Tamponamento al semaforo e presunzione di pari responsabilità (Cassazione civile, sez. VI, 15/12/2022, n.36726).

Tamponamento al semaforo e applicazione della presunzione di pari responsabilità dei mezzi coinvolti.

Il danneggiato, mentre si trovava in posizione di fermo al semaforo, viene tamponato da un’automobile riportando lesioni personali e dunque citava dinanzi al Tribunale di Roma l’Assicurazione e il proprietario-conducente del veicolo responsabile chiedendone la condanna al risarcimento dei danni subiti in seguito al tamponamento suddetto verificatosi il 25 maggio 2007.

Il Tribunale di Roma applicava la presunzione di pari responsabilità e condannava le parti convenute a pagare al danneggiato la somma di euro 24.848,00. Il danneggiato impugna la decisione e la Corte di Appello di Roma confermava la decisione del Tribunale sulla base dei seguenti rilievi:

-in primo luogo, doveva essere dichiarato non utilizzabile, in funzione probatoria, il documento indicato come verbale di mediazione e relativi allegati depositato dall’appellante il giorno dell’udienza fissata per le conclusioni, in quanto tardivo;

– corretta e condivisibile appariva la decisione del primo Giudice nella parte in cui aveva reputato non attendibile il testimone escusso nel corso del giudizio e l’insufficienza delle fotografie prodotte per suffragare l’ipotesi del tamponamento al semaforo;

– la denuncia di sinistro inoltrata alla Compagnia assicurativa non indicava la presenza di un testimone che assisteva al tamponamento e dunque non vi erano elementi per superare la presunzione di cui all’art. 2054 c.c., comma 2.

L’uomo asseritamente tamponato ricorre in Cassazione. Deduce che la Corte di Appello avrebbe errato nel ritenere non utilizzabile il verbale di mediazione e relativi allegati depositato, poiché la produzione in giudizio non era avvenuta tardivamente, bensì tempestivamente, al più in sede di prima udienza, dandosene atto nel relativo verbale. Ergo, sulla base di questo errore, la Corte territoriale non aveva potuto considerare né le risultanze della consulenza tecnica modale espletata durante la procedura di mediazione, né la documentazione sanitaria ad essa allegata.

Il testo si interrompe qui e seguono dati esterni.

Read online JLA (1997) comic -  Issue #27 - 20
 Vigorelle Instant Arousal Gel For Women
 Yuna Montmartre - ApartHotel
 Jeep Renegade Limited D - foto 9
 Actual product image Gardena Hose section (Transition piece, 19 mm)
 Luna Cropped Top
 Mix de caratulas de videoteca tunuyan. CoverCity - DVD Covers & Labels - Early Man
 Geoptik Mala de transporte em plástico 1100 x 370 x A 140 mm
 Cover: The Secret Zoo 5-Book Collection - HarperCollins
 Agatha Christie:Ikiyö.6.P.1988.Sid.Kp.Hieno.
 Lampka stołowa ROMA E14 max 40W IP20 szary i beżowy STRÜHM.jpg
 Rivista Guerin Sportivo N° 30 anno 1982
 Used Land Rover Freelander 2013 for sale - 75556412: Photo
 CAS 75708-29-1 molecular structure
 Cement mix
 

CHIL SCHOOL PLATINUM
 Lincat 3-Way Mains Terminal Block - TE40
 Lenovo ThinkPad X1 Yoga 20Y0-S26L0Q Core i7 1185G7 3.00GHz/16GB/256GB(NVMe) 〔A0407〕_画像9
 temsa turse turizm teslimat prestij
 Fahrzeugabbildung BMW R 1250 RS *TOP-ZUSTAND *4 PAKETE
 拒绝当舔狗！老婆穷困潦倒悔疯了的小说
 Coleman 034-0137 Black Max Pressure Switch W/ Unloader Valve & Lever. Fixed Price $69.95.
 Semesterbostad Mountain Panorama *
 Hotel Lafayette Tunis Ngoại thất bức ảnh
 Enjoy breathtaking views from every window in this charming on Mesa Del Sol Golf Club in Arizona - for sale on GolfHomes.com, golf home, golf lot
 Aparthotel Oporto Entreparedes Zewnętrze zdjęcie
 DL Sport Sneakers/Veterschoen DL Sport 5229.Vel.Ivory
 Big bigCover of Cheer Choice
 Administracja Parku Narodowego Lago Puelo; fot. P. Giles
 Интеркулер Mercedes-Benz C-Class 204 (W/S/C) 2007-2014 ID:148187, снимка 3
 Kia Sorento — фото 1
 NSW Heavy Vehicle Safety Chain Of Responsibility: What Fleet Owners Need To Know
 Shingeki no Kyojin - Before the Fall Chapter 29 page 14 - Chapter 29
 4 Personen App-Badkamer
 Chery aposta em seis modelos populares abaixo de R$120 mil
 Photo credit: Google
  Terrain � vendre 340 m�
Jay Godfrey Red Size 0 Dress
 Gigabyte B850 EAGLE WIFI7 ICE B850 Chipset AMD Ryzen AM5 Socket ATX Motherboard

La Suprema Corte ritiene la censura inammissibile. Le doglianze del ricorrente, difatti, si risolvono in una critica generica della sentenza, ponendo sotto un unico motivo una molteplicità di profili tra loro confusi.

Viene ricordato che il giudizio di Cassazione è un giudizio a critica vincolata, delimitato dai motivi di ricorso, che assumono una funzione identificativa condizionata dalla loro formulazione tecnica con riferimento alle ipotesi tassative formalizzate dal codice di rito.

Nella memoria depositata in vista dell’adunanza camerale, il ricorrente ha precisato che il vizio specifico che si intendeva denunciare con il ricorso è quello di omesso esame di fatto decisivo e controverso ai sensi dell’art. 360 c.p.c., n. 5.

Tuttavia, a questa precisazione non viene attribuita efficacia ai fini della sanatoria dell’originario difetto di specificità e tassatività dei motivi di ricorso, atteso che la funzione meramente illustrativa della memoria impedisce che la stessa possa integrare le carenze del ricorso in ordine alle censure formulate avverso la sentenza impugnata (Cass. 07/04/2005, n. 7260; Cass. 18/12/2014, n. 26670; Cass. 27/08/2020, n. 17893).

Inoltre, nella parte in cui viene censurata la non utilizzabilità del verbale di mediazione e relativi allegati, si formula una censura carente del necessario requisito di specificità.

Sussiste, quindi, violazione dell’onere di specifica indicazione di un atto processuale su cui è fondato il motivo di ricorso per cassazione.

In definitiva, il ricorso viene dichiarato inammissibile.